● **Exercise data**
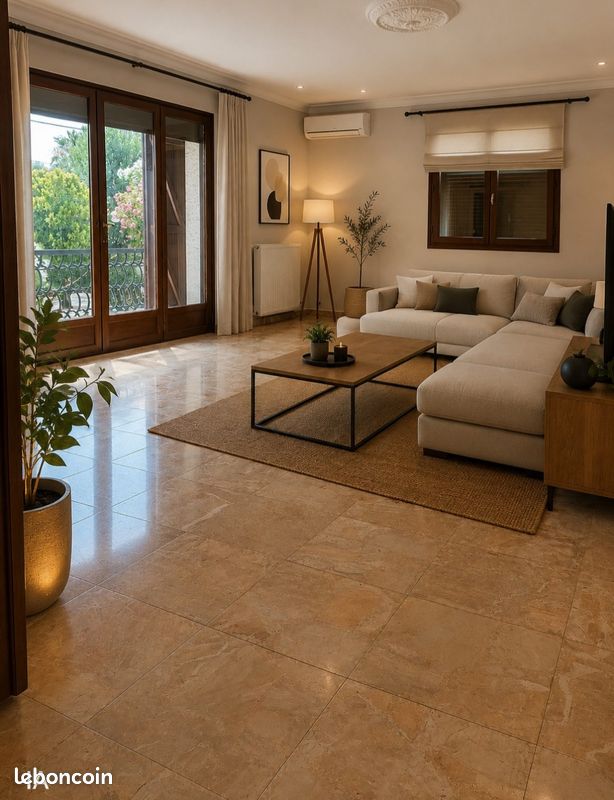 Maison 5 pièces 126 m² (image 2)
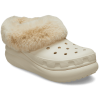 Crocs Unisex Furever Crush 1CS2084462Y2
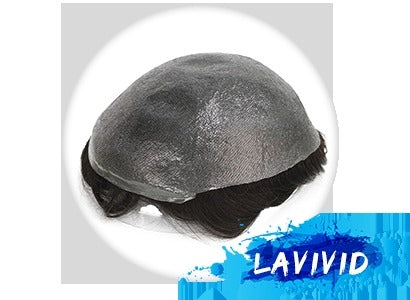 Tech-Infused Hairpieces: Advancements Redefining the Art of Hair Replacement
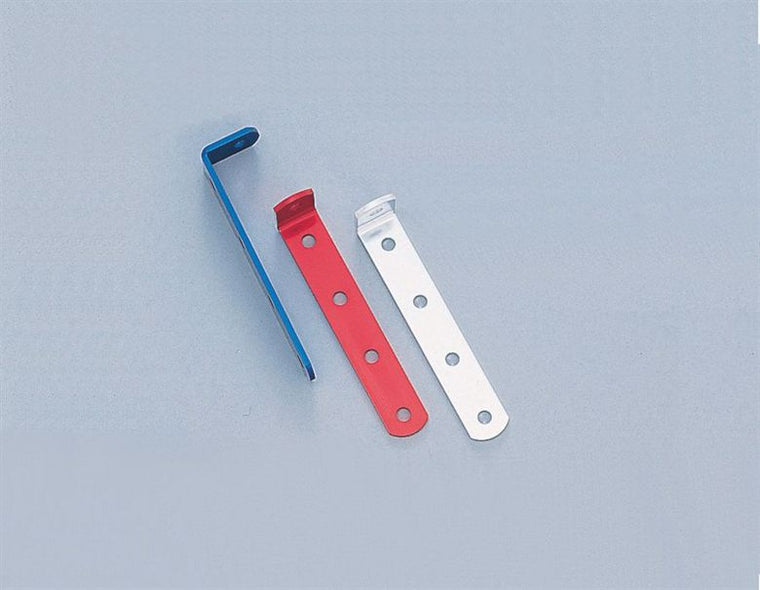 KITACO キタコ アルミステー＃3(20-03ガタ) シルバー(119) カタログ品番：P025-5829 メーカー品番：529-0301030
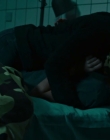 Piste_Noire_S01E06_mkv7063.jpg
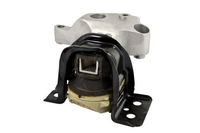 Motorlager Motorhalter Lagerung, Bild 3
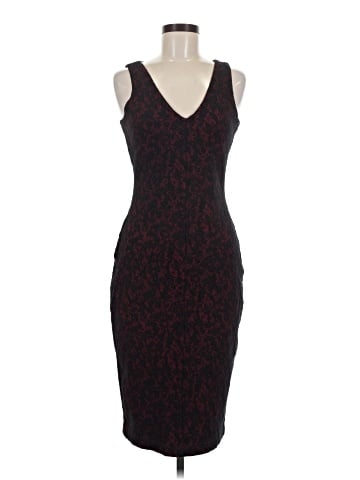 MICHAEL Michael Kors Cocktail Dress (view 1)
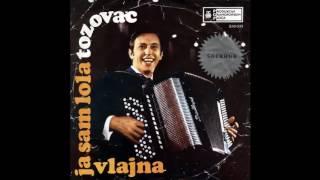 Predrag Zivkovic Tozovac  Vlajna  Audio 1970 HD [upl. by Eelidnarb]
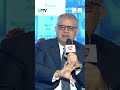 Axis Bank MD & CEO On What Could Go Wrong With The Economy | #ytshorts #BTBankingSummit #BTBestBanks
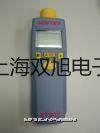 WRE-240D多点热电偶【双旭牌】使用说明书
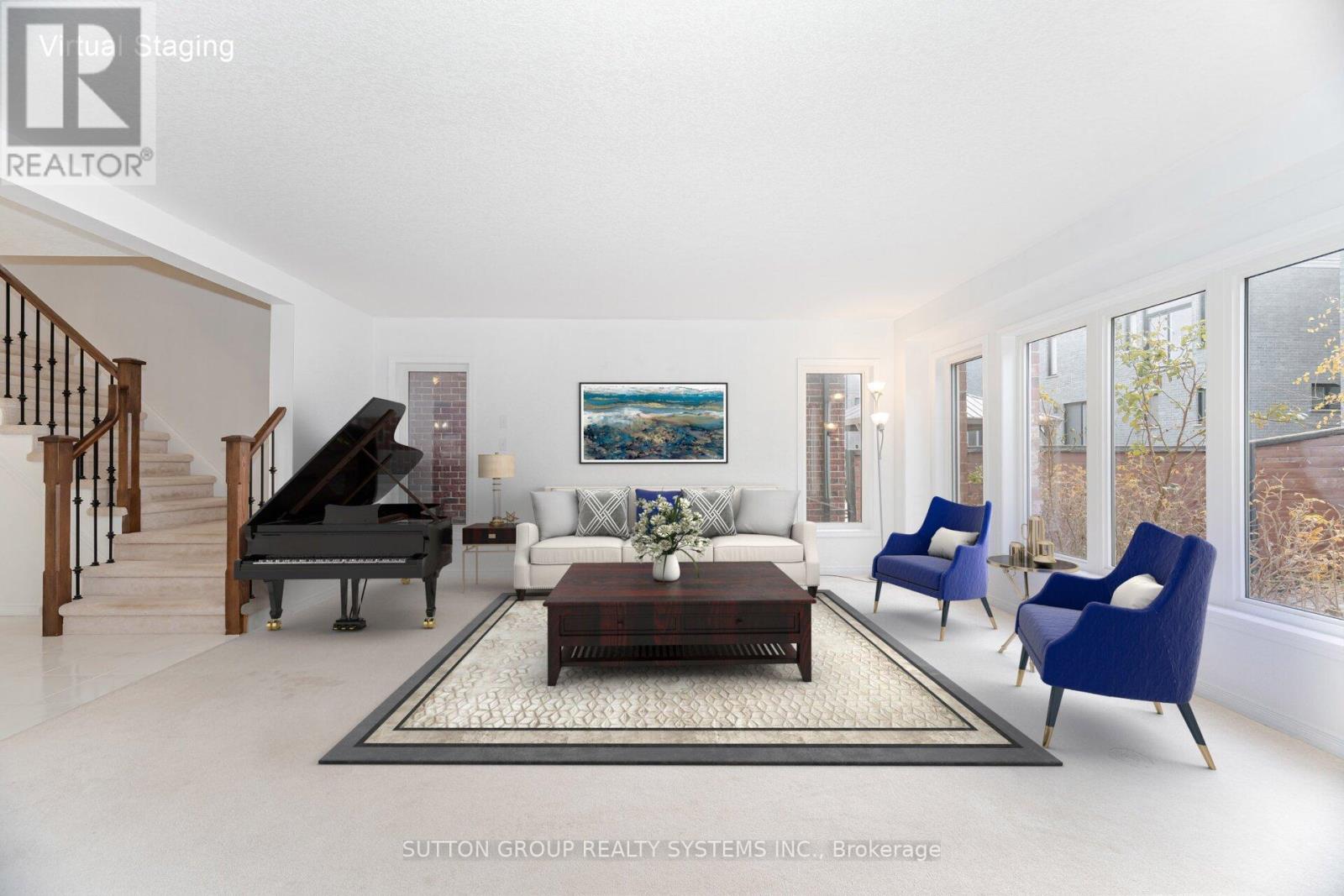 565 Sundew Drive, Waterloo, Ontario  N2V 0B9 - Photo 10 - X12580000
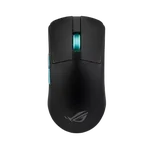 Asus ROG Pelta + ROG Harpe Ace Aim Lab Edition — miniature 13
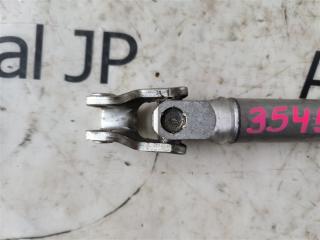 Рулевой карданчик MINI COOPER Clubman F54 B38A15A 32306870607 3 ракурс Рулевой карданчик MINI COOPER Clubman F54 B38A15A 32306870607 3 ракурс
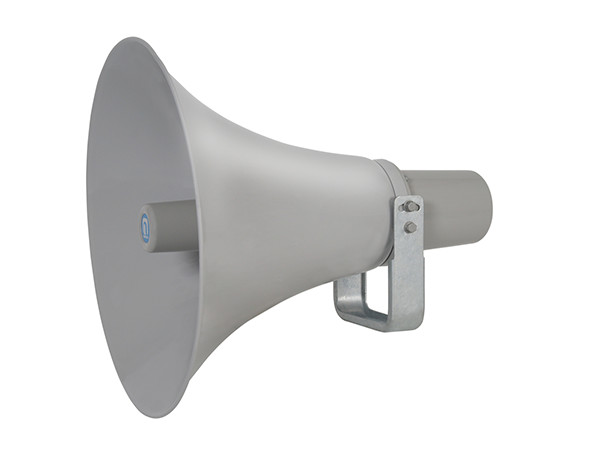 HS-073B/HS-075Bノボル電機 | メガホン、拡声器はノボル電機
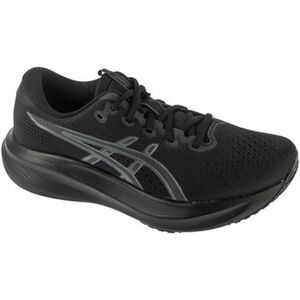 Futócipők Asics Gel-Excite 11 kép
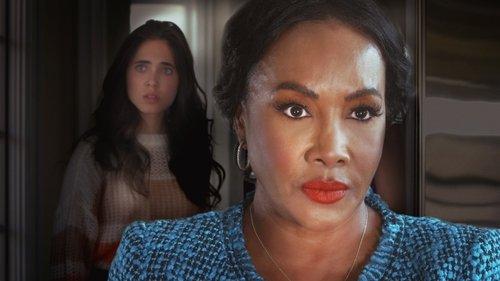 The Wrong Blind Date filmas žiurėti online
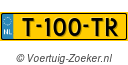 T-100-TR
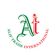 Alif Trade International
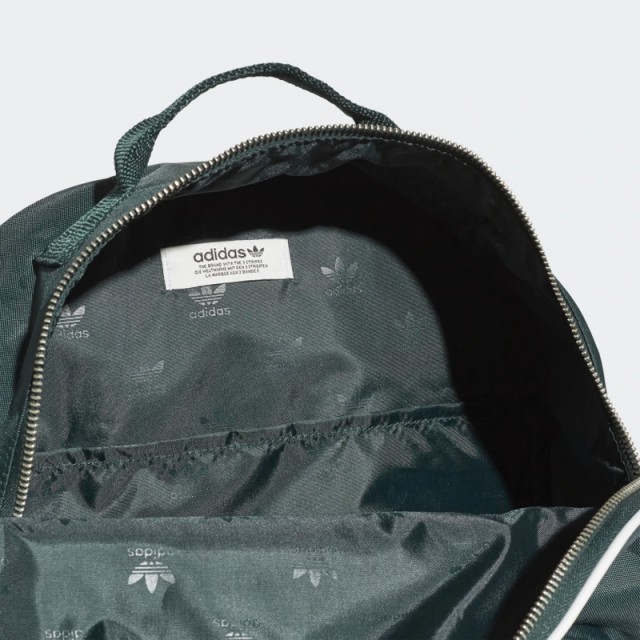 TAS SNEAKERS ADIDAS Classic Backpack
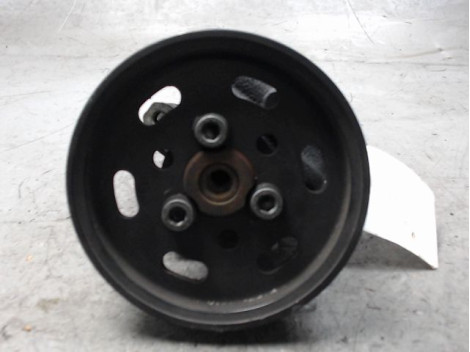 POMPE DIRECTION ASSISTEE VOLKSWAGEN POLO 99-2001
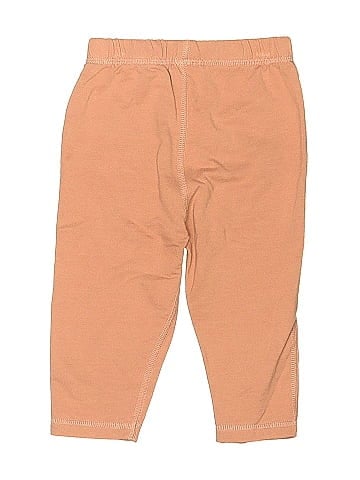 easy-peasy Casual Pants (view 2)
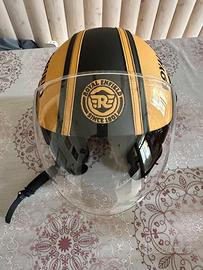 Casco Royal Enfield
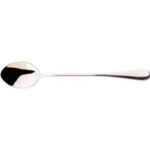 Oxford Sundae Spoon Dozen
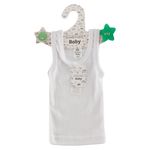 Camiseta-Bebe-Marca-Boulevard-9M-R-200-1-42586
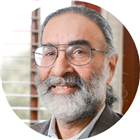 Dr. Balbir Chahal, MD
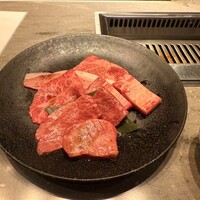 焼肉うしごろ 横浜店 - 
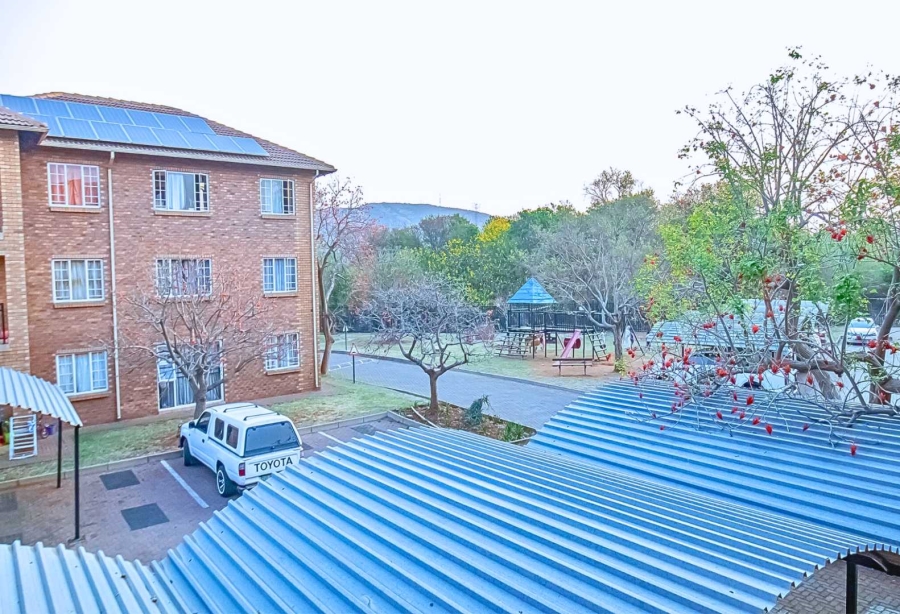 3 Bedroom Property for Sale in Annlin-wes Gauteng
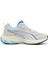 Morphic Unisex Sneaker 2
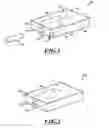 Fig. 02 - Novel Shape for a Solid-Structure Consumable Good and Method for Extending Useful Life of Same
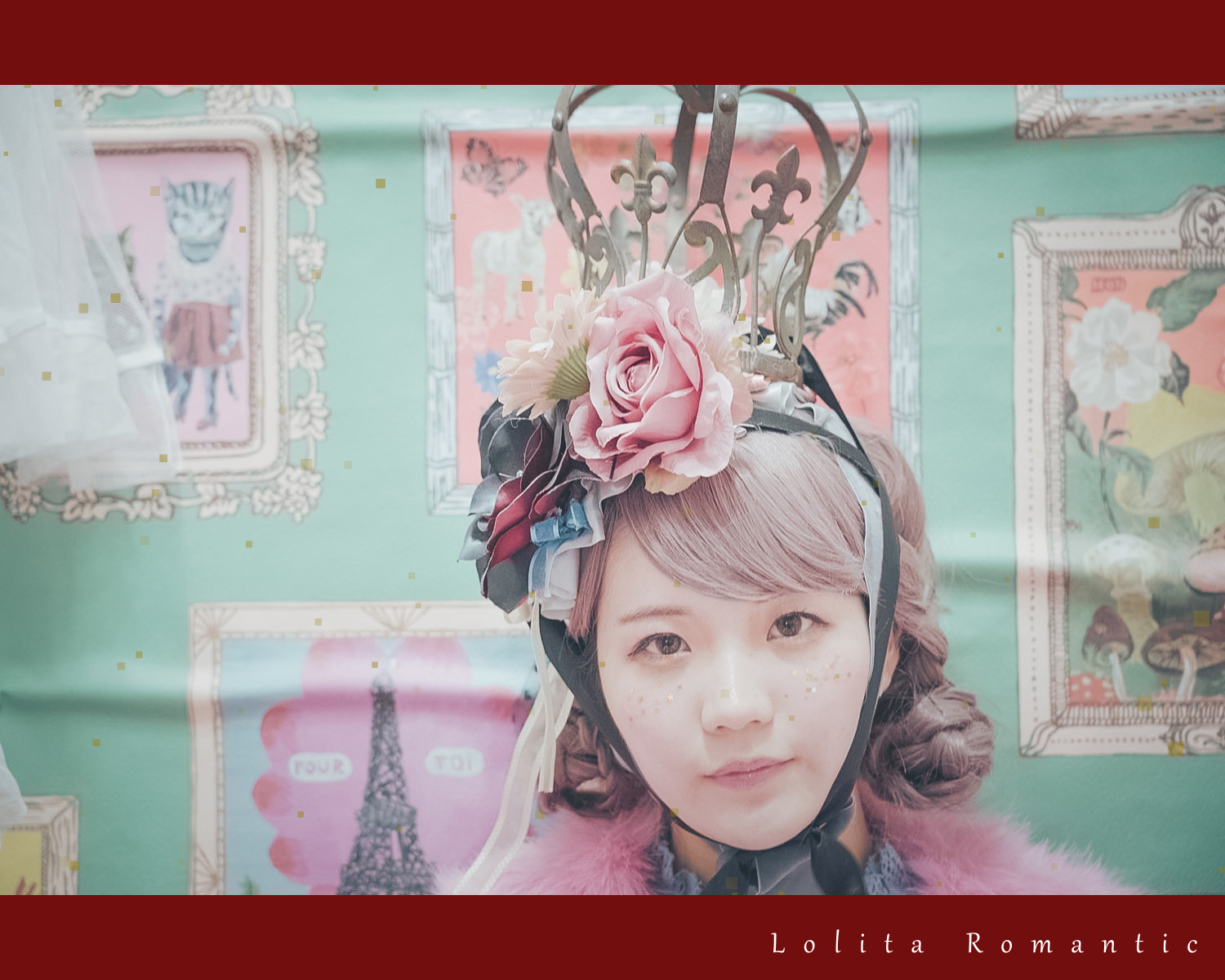 彩バレリーナー横_00066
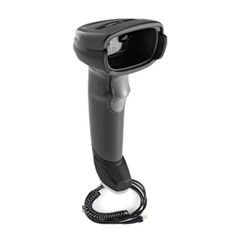  Máy Đọc Mã Vach 2d Zebra Ds2208 (usb) 
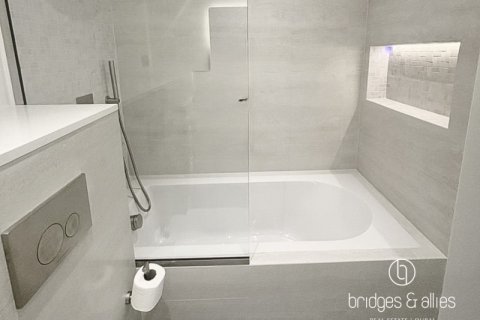 2 bedrooms Apartment  No. 131670 14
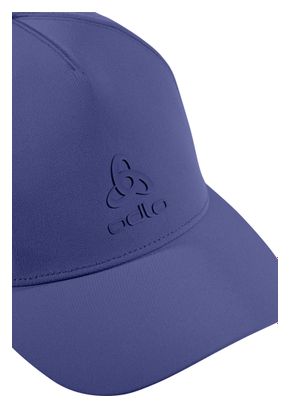 Odlo Performance Snapback Cap Paars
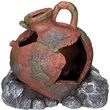 Nobby Jar ozdoby do akwarium, 16 x 13 x 15 cm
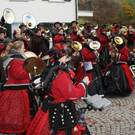 Lochau Fasching AUFTAKT Pf__tza-Pfiefa 11-11-2017 _11_.JPG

● **Task**
Reproduce the data word for word; no pictures.

● **Answer box**
 Maison 5 pièces 126 m² (image 2)
 Crocs Unisex Furever Crush 1CS2084462Y2
 Tech-Infused Hairpieces: Advancements Redefining the Art of Hair Replacement
 KITACO キタコ アルミステー＃3(20-03ガタ) シルバー(119) カタログ品番：P025-5829 メーカー品番：529-0301030
 Piste_Noire_S01E06_mkv7063.jpg
 Motorlager Motorhalter Lagerung, Bild 3
 MICHAEL Michael Kors Cocktail Dress (view 1)
 Predrag Zivkovic Tozovac  Vlajna  Audio 1970 HD [upl. by Eelidnarb]
 Axis Bank MD & CEO On What Could Go Wrong With The Economy | #ytshorts #BTBankingSummit #BTBestBanks
 WRE-240D多点热电偶【双旭牌】使用说明书
 565 Sundew Drive, Waterloo, Ontario  N2V 0B9 - Photo 10 - X12580000
 Asus ROG Pelta + ROG Harpe Ace Aim Lab Edition — miniature 13
 Рулевой карданчик MINI COOPER Clubman F54 B38A15A 32306870607 3 ракурс Рулевой карданчик MINI COOPER Clubman F54 B38A15A 32306870607 3 ракурс
 HS-073B/HS-075Bノボル電機 | メガホン、拡声器はノボル電機
 Futócipők Asics Gel-Excite 11 kép
 The Wrong Blind Date filmas žiurėti online
 T-100-TR
 Alif Trade International
 TAS SNEAKERS ADIDAS Classic Backpack
 POMPE DIRECTION ASSISTEE VOLKSWAGEN POLO 99-2001
 easy-peasy Casual Pants (view 2)
 Casco Royal Enfield
 Oxford Sundae Spoon Dozen
 Camiseta-Bebe-Marca-Boulevard-9M-R-200-1-42586
 Dr. Balbir Chahal, MD
 焼肉うしごろ 横浜店 - 
 3 Bedroom Property for Sale in Annlin-wes Gauteng
 Morphic Unisex Sneaker 2
 Fig. 02 - Novel Shape for a Solid-Structure Consumable Good and Method for Extending Useful Life of Same
 彩バレリーナー横_00066
  Máy Đọc Mã Vach 2d Zebra Ds2208 (usb) 
 2 bedrooms Apartment  No. 131670 14
 Odlo Performance Snapback Cap Paars
 Nobby Jar ozdoby do akwarium, 16 x 13 x 15 cm
 Lochau Fasching AUFTAKT Pf__tza-Pfiefa 11-11-2017 _11_.JPG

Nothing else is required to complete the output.